■ TASK INPUT
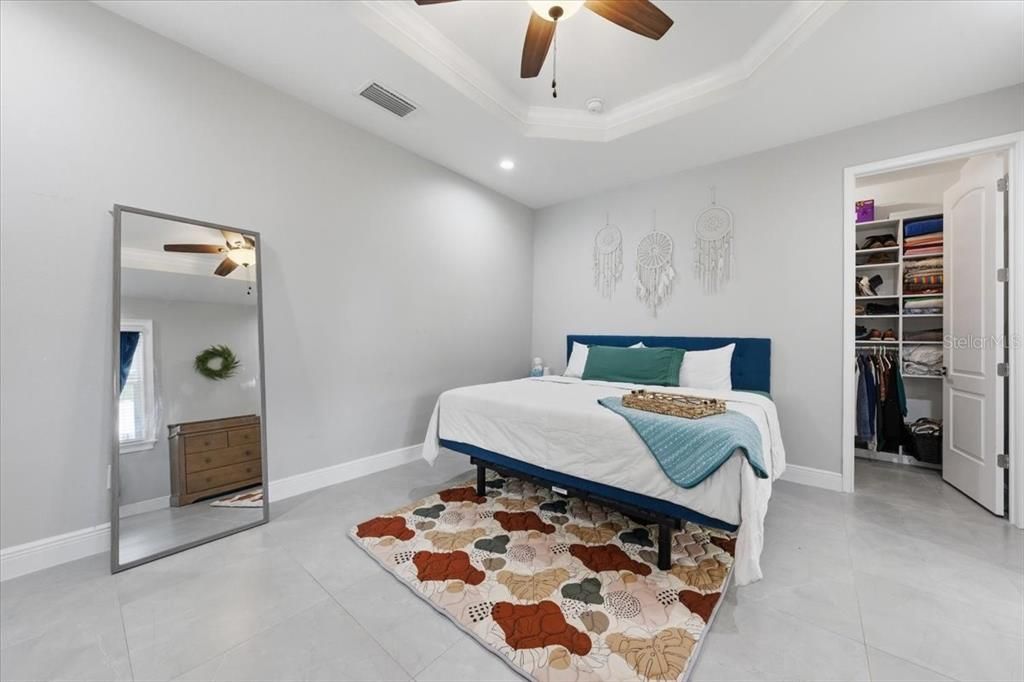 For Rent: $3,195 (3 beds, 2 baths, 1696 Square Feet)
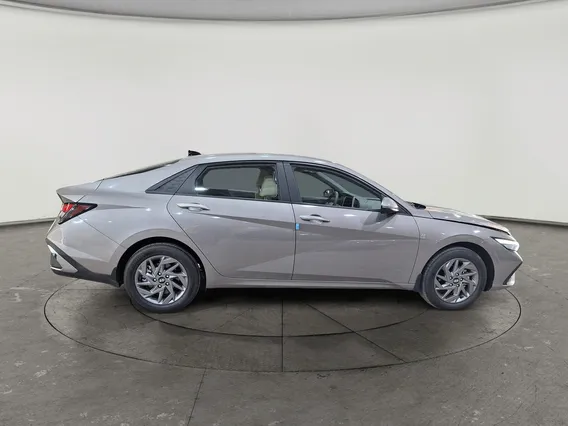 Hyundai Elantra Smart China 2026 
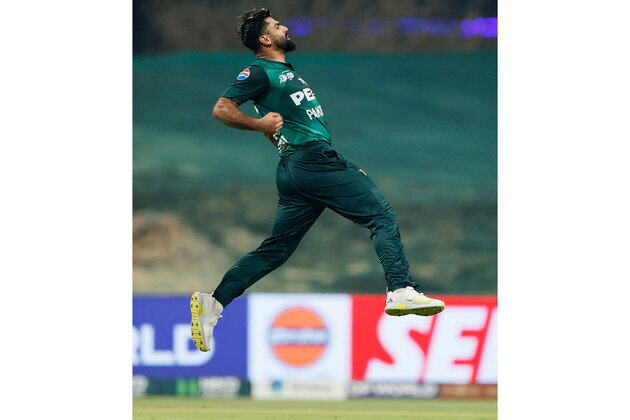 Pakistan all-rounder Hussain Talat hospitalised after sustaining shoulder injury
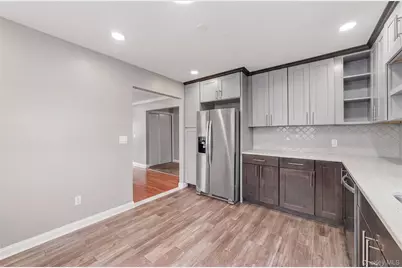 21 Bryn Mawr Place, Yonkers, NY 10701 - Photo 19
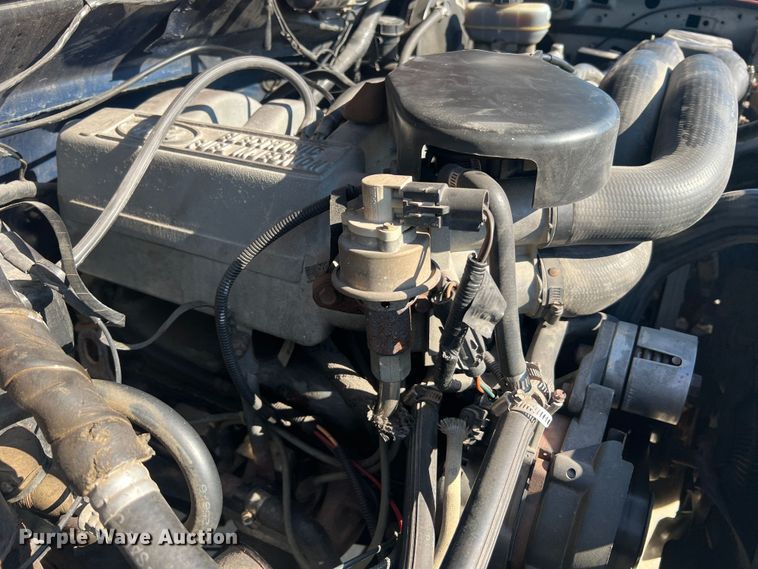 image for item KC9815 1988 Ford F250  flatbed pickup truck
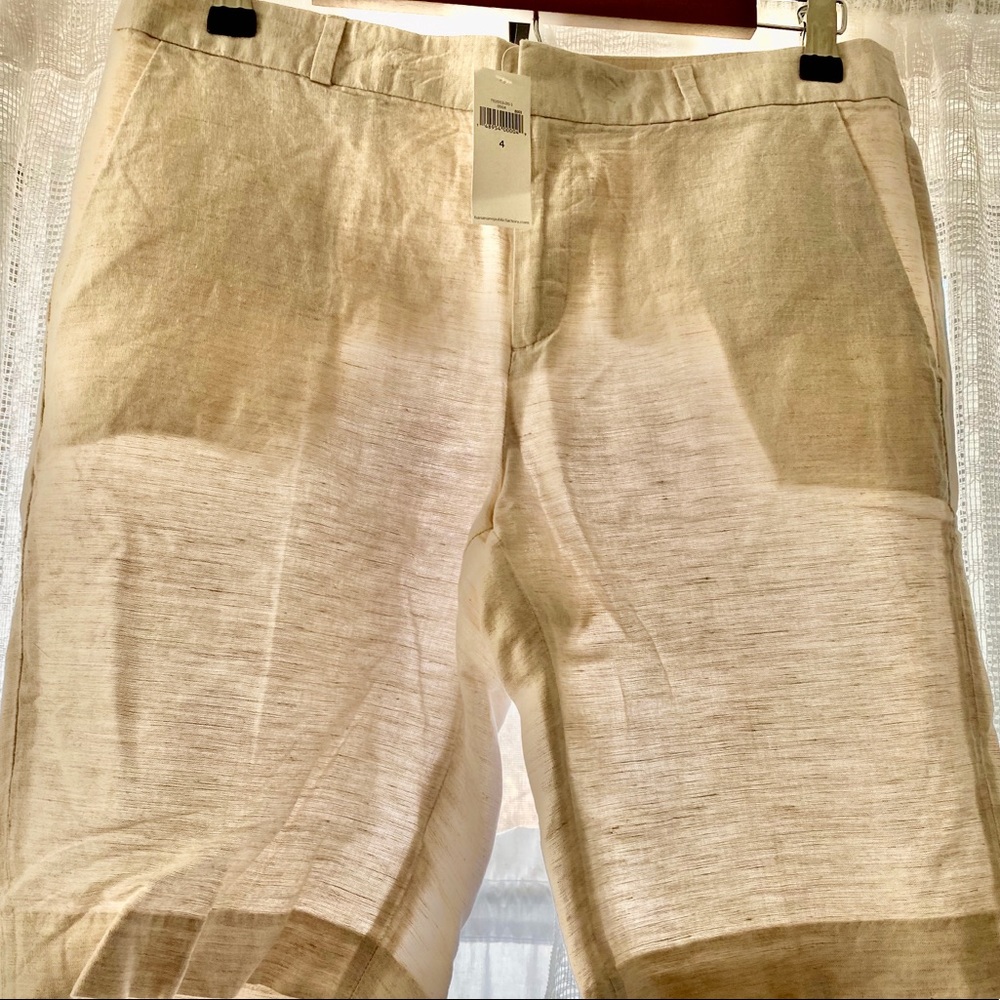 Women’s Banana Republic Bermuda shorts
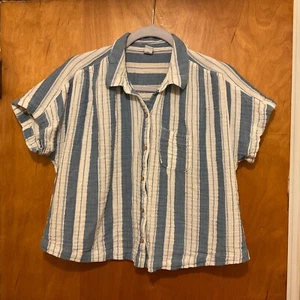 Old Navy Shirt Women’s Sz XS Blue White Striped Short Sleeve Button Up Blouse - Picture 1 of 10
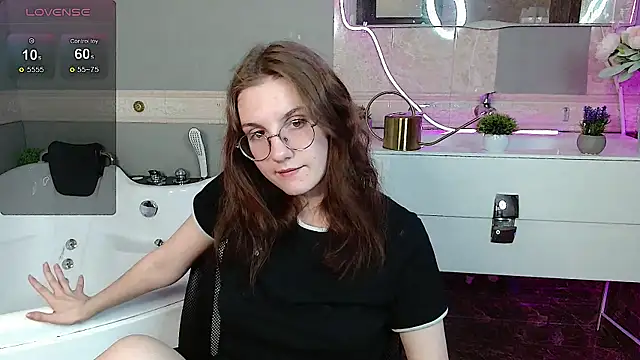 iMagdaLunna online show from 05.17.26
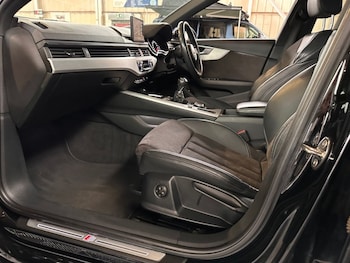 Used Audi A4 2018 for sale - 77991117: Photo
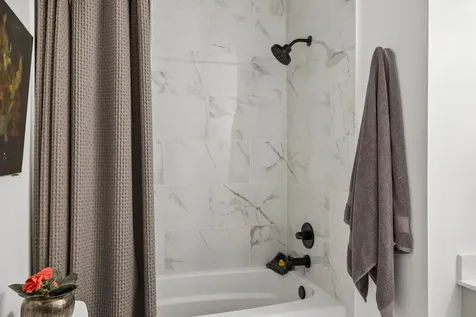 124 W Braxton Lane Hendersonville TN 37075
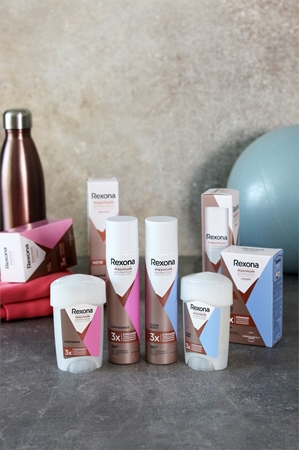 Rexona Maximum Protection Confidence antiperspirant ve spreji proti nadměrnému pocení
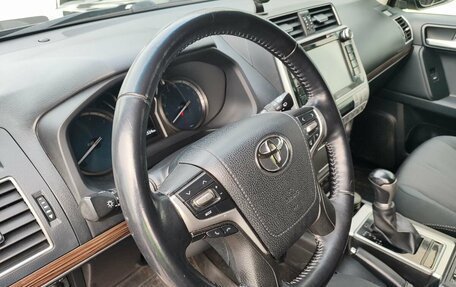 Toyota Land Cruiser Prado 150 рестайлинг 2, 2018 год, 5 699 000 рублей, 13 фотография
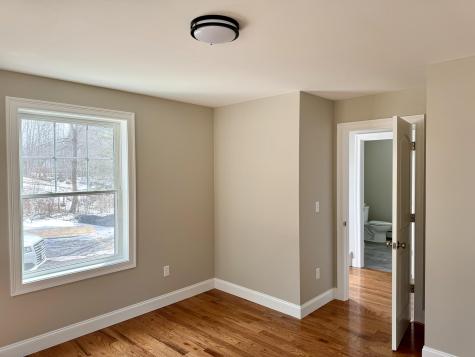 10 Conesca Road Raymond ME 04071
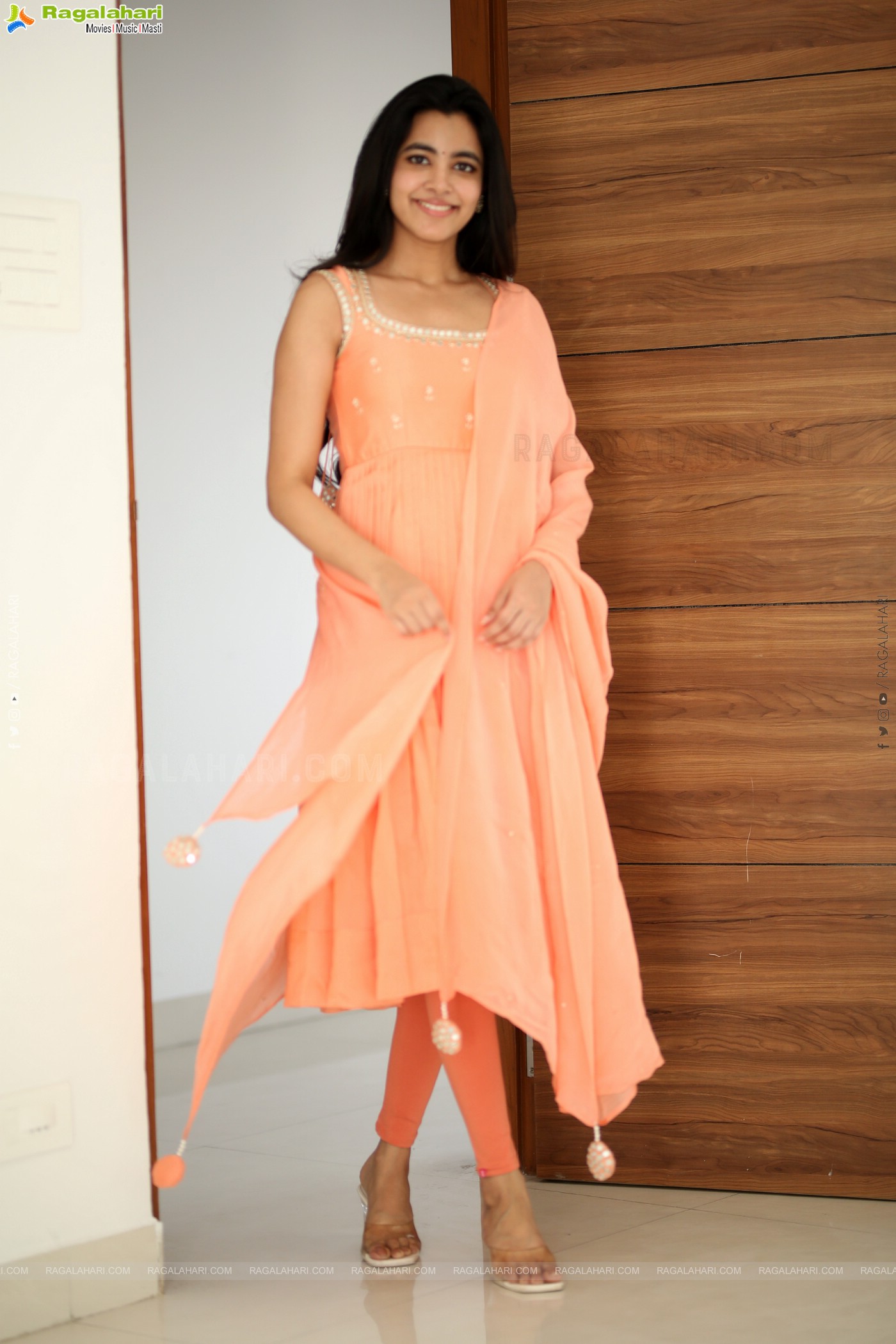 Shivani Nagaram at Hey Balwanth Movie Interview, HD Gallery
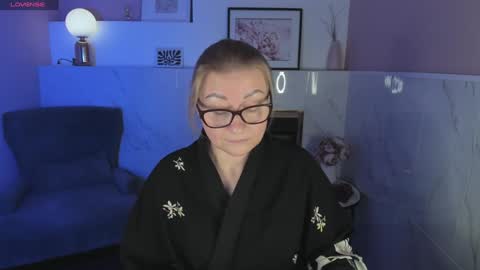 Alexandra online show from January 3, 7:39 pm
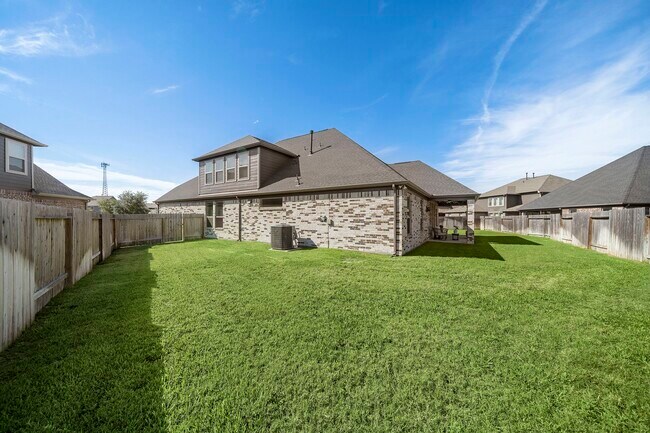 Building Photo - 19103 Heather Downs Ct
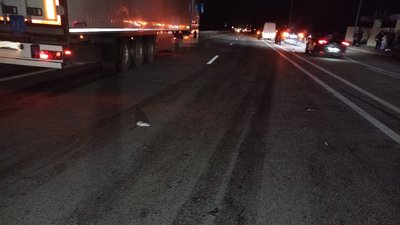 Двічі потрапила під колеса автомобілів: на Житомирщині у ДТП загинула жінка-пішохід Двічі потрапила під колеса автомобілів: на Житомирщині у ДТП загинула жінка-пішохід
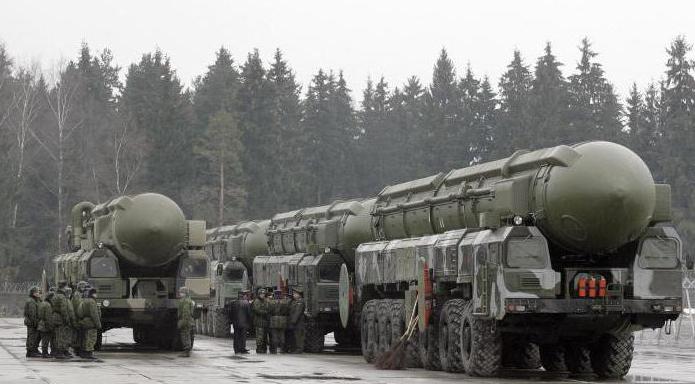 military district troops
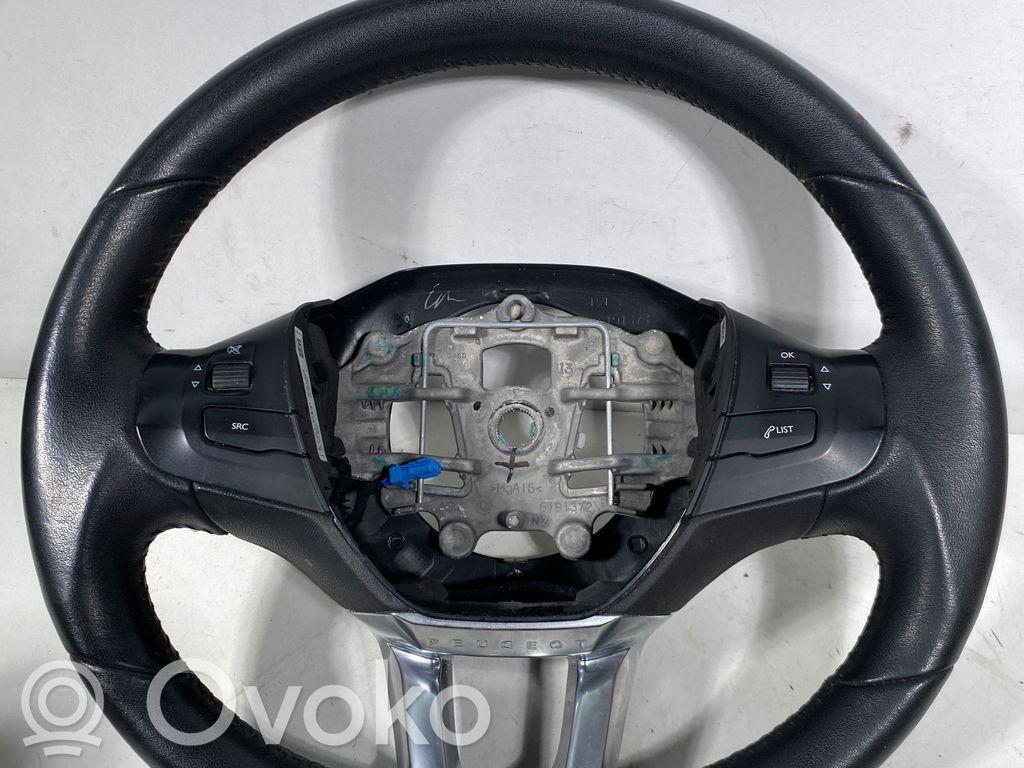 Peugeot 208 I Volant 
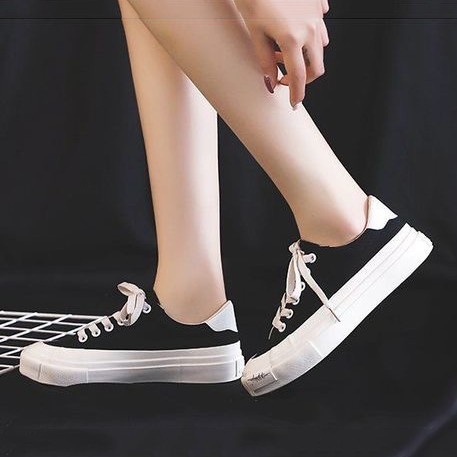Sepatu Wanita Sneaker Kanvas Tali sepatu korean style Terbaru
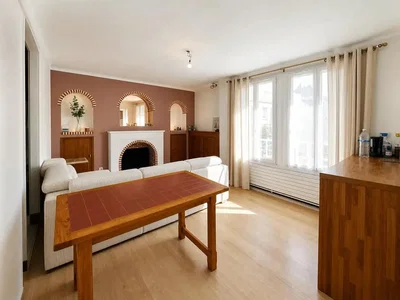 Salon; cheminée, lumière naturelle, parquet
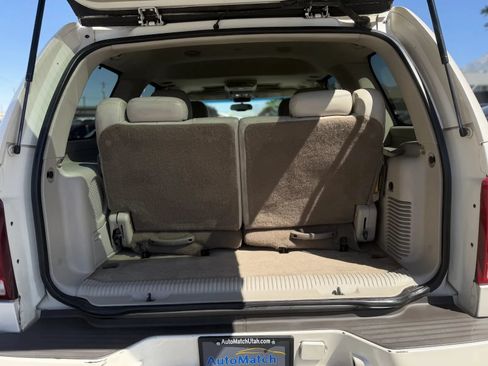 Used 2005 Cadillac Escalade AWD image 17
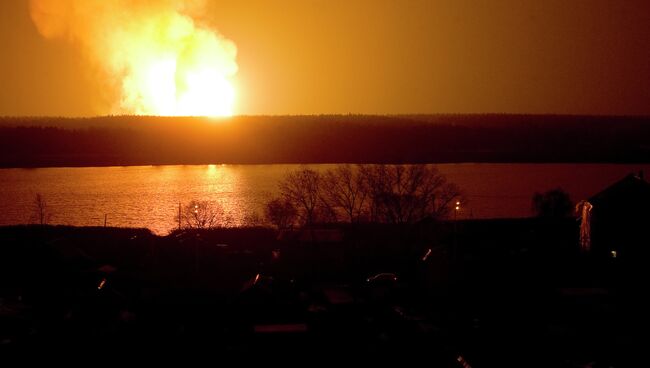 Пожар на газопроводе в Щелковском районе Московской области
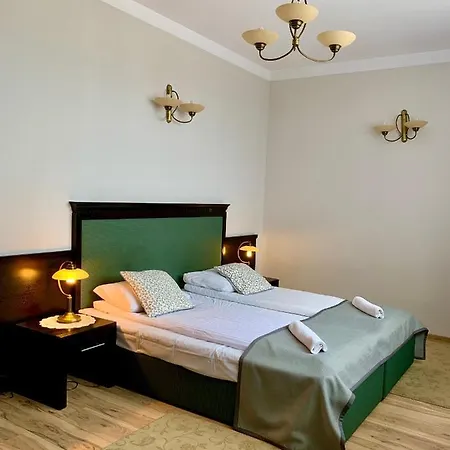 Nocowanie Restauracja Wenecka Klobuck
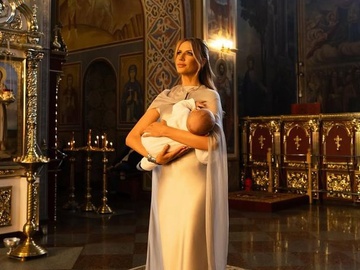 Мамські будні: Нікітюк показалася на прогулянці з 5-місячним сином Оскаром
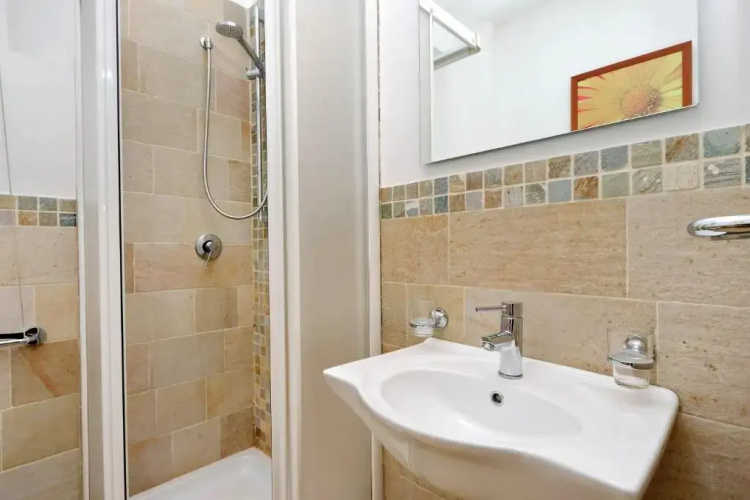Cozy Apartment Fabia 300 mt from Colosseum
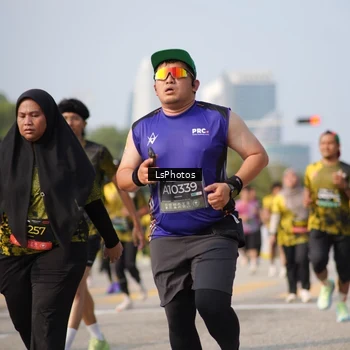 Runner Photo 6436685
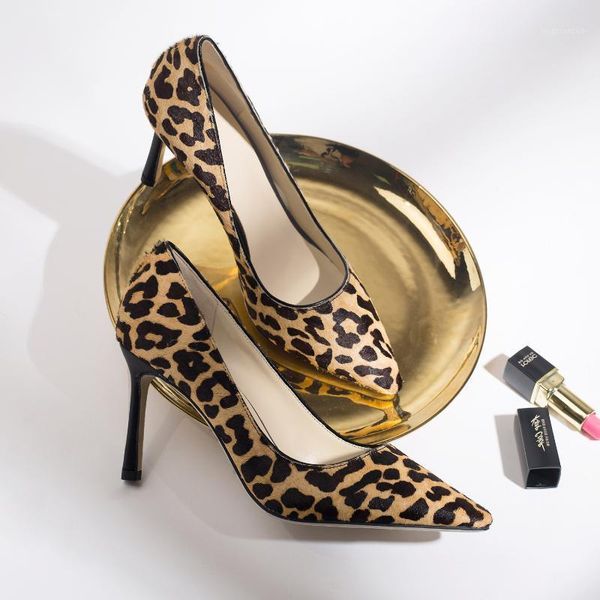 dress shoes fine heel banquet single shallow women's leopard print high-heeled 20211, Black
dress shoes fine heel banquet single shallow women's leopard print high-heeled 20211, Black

■ WHAT TO PRODUCE
Leaving every picture out, write out exactly the lines from the one that holds "Sepatu Wanita Sneaker" through the end of the listing, both included.

■ TASK SOLUTION
Sepatu Wanita Sneaker Kanvas Tali sepatu korean style Terbaru
 Salon; cheminée, lumière naturelle, parquet
 Used 2005 Cadillac Escalade AWD image 17
 Пожар на газопроводе в Щелковском районе Московской области
 Nocowanie Restauracja Wenecka Klobuck
 Мамські будні: Нікітюк показалася на прогулянці з 5-місячним сином Оскаром
Cozy Apartment Fabia 300 mt from Colosseum
 Runner Photo 6436685
 dress shoes fine heel banquet single shallow women's leopard print high-heeled 20211, Black
dress shoes fine heel banquet single shallow women's leopard print high-heeled 20211, Black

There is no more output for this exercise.